__EXERCISE INPUTS__
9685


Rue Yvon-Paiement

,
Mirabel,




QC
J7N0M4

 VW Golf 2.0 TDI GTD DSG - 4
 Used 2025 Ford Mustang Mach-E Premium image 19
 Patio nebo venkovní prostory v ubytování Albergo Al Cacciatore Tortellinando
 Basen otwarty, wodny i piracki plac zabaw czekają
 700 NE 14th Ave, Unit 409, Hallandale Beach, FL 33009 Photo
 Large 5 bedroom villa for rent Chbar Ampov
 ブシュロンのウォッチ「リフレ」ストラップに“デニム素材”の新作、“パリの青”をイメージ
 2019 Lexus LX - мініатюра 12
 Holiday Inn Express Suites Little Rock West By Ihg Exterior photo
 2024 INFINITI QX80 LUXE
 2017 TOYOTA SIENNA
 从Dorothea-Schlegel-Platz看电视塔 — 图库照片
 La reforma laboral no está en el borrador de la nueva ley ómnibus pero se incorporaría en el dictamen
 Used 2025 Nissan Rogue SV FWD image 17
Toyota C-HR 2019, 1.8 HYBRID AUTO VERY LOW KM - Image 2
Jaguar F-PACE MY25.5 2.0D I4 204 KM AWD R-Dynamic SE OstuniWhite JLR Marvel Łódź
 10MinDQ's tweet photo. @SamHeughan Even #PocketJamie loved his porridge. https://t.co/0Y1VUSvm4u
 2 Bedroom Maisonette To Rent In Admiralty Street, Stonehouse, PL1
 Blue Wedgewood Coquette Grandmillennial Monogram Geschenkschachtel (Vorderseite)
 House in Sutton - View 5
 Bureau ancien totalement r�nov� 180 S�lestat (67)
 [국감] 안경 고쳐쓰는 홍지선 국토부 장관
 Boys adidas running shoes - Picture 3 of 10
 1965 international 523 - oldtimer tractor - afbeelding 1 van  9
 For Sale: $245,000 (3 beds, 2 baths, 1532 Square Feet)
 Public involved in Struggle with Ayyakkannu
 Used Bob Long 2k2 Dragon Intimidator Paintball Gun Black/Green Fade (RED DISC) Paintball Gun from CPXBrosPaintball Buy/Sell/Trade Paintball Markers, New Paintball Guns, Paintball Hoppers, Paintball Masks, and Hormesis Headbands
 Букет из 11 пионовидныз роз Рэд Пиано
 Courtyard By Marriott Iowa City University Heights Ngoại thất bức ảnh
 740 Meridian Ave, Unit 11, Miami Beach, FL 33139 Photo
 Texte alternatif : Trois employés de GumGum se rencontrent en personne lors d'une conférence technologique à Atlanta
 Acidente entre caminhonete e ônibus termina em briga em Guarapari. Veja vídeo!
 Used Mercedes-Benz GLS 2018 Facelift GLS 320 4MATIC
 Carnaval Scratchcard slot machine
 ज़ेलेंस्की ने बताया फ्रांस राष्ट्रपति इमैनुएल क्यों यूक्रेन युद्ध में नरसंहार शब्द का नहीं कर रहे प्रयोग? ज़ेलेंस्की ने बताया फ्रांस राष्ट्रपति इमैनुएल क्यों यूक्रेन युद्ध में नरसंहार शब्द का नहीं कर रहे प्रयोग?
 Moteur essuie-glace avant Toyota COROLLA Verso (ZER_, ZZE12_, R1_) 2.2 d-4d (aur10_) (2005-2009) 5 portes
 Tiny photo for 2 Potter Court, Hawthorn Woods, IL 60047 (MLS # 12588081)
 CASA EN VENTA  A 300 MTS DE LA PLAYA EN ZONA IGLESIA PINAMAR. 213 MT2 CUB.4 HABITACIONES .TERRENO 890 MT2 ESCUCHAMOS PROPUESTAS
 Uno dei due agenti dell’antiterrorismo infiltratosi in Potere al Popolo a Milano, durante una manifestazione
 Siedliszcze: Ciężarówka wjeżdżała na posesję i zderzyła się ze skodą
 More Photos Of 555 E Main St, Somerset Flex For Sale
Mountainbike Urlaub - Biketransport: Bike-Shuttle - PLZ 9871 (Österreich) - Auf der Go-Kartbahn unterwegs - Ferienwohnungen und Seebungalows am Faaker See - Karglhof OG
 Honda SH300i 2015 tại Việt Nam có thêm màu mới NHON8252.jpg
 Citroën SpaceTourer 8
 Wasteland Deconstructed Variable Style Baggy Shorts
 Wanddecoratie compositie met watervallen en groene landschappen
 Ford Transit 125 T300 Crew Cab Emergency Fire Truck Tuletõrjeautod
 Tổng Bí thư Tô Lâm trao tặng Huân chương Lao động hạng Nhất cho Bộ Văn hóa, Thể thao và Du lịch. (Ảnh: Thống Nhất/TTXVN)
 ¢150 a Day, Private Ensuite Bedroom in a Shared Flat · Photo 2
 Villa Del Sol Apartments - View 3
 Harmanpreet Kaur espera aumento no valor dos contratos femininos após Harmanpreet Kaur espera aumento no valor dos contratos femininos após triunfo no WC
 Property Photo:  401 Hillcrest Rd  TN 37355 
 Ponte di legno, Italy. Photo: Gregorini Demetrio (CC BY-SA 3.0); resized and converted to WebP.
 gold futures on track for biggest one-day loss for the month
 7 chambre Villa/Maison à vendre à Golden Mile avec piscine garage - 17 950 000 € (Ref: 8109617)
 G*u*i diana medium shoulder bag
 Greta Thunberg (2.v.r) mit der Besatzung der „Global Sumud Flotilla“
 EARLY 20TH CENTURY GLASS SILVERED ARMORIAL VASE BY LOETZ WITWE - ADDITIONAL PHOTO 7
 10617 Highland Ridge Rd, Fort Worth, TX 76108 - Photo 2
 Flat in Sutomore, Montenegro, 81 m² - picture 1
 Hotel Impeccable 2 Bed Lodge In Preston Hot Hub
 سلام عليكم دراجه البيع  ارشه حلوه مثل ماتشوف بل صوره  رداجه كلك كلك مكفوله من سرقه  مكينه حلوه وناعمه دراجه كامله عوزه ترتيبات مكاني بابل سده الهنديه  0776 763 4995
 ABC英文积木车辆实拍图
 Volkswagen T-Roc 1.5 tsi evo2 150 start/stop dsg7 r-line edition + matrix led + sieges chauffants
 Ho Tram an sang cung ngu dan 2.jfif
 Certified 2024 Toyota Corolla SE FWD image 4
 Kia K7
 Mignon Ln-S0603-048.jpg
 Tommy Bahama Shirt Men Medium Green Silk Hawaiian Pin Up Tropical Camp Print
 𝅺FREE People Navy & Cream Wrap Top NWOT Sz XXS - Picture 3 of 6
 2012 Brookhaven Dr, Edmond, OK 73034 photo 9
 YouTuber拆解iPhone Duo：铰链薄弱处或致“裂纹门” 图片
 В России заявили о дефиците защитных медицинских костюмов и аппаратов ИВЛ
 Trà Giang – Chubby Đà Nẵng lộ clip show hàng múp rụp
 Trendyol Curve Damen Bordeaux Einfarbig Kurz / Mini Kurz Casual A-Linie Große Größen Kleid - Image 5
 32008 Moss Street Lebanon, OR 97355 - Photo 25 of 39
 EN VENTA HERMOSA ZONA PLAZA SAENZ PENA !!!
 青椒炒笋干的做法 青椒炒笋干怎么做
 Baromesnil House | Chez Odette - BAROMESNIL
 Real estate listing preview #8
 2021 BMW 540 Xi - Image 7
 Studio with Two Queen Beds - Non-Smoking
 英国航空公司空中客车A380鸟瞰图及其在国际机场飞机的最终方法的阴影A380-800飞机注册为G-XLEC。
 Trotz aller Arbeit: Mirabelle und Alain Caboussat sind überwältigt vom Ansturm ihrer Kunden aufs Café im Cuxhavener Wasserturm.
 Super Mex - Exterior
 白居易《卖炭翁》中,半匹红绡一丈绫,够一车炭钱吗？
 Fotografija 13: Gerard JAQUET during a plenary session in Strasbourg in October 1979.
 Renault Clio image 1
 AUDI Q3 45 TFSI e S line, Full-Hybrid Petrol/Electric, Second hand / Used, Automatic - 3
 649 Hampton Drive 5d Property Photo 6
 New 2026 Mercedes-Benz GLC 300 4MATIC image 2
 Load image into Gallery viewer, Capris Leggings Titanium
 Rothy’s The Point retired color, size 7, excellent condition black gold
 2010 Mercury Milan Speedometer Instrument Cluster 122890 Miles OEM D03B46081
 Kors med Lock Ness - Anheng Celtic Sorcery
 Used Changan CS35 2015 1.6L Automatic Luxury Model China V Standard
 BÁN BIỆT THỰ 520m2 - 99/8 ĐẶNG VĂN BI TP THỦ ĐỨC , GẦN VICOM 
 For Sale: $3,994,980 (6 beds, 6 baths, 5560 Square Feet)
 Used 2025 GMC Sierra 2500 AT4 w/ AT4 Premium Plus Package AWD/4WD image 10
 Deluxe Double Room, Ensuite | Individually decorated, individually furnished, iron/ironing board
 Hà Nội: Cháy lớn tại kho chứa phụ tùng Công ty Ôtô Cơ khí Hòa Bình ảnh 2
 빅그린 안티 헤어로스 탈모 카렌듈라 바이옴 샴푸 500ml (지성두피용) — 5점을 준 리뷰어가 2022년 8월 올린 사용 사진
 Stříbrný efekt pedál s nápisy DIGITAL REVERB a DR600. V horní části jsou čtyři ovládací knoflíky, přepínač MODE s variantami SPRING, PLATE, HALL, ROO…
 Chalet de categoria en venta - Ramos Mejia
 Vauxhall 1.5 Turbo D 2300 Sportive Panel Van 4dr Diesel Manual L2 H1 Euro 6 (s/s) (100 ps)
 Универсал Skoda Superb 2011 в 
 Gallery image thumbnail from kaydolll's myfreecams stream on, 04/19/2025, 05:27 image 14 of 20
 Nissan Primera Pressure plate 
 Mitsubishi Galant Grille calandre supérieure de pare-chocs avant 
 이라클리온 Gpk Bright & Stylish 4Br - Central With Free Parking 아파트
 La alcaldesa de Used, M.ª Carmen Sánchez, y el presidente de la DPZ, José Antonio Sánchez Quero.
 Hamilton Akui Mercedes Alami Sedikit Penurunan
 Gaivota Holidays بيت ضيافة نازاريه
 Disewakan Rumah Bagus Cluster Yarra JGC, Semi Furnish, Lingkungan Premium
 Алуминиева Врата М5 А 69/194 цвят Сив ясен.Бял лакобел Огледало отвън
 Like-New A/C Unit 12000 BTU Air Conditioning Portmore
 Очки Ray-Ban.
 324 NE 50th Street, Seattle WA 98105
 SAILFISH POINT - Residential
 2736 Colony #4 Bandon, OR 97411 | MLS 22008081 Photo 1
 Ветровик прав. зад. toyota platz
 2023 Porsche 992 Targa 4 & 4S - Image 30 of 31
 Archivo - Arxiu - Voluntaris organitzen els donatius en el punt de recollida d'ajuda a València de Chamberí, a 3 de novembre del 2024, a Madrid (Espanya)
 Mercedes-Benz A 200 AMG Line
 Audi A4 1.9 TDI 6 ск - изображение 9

__WORK TO BE COMPLETED__
Reproduce exactly the entries above, limited to the lines from the one with "Uno dei due" through the one with "Hotel Impeccable 2", both included.

__RESPONSE TO THE TASK__
 Uno dei due agenti dell’antiterrorismo infiltratosi in Potere al Popolo a Milano, durante una manifestazione
 Siedliszcze: Ciężarówka wjeżdżała na posesję i zderzyła się ze skodą
 More Photos Of 555 E Main St, Somerset Flex For Sale
Mountainbike Urlaub - Biketransport: Bike-Shuttle - PLZ 9871 (Österreich) - Auf der Go-Kartbahn unterwegs - Ferienwohnungen und Seebungalows am Faaker See - Karglhof OG
 Honda SH300i 2015 tại Việt Nam có thêm màu mới NHON8252.jpg
 Citroën SpaceTourer 8
 Wasteland Deconstructed Variable Style Baggy Shorts
 Wanddecoratie compositie met watervallen en groene landschappen
 Ford Transit 125 T300 Crew Cab Emergency Fire Truck Tuletõrjeautod
 Tổng Bí thư Tô Lâm trao tặng Huân chương Lao động hạng Nhất cho Bộ Văn hóa, Thể thao và Du lịch. (Ảnh: Thống Nhất/TTXVN)
 ¢150 a Day, Private Ensuite Bedroom in a Shared Flat · Photo 2
 Villa Del Sol Apartments - View 3
 Harmanpreet Kaur espera aumento no valor dos contratos femininos após Harmanpreet Kaur espera aumento no valor dos contratos femininos após triunfo no WC
 Property Photo:  401 Hillcrest Rd  TN 37355 
 Ponte di legno, Italy. Photo: Gregorini Demetrio (CC BY-SA 3.0); resized and converted to WebP.
 gold futures on track for biggest one-day loss for the month
 7 chambre Villa/Maison à vendre à Golden Mile avec piscine garage - 17 950 000 € (Ref: 8109617)
 G*u*i diana medium shoulder bag
 Greta Thunberg (2.v.r) mit der Besatzung der „Global Sumud Flotilla“
 EARLY 20TH CENTURY GLASS SILVERED ARMORIAL VASE BY LOETZ WITWE - ADDITIONAL PHOTO 7
 10617 Highland Ridge Rd, Fort Worth, TX 76108 - Photo 2
 Flat in Sutomore, Montenegro, 81 m² - picture 1
 Hotel Impeccable 2 Bed Lodge In Preston Hot Hub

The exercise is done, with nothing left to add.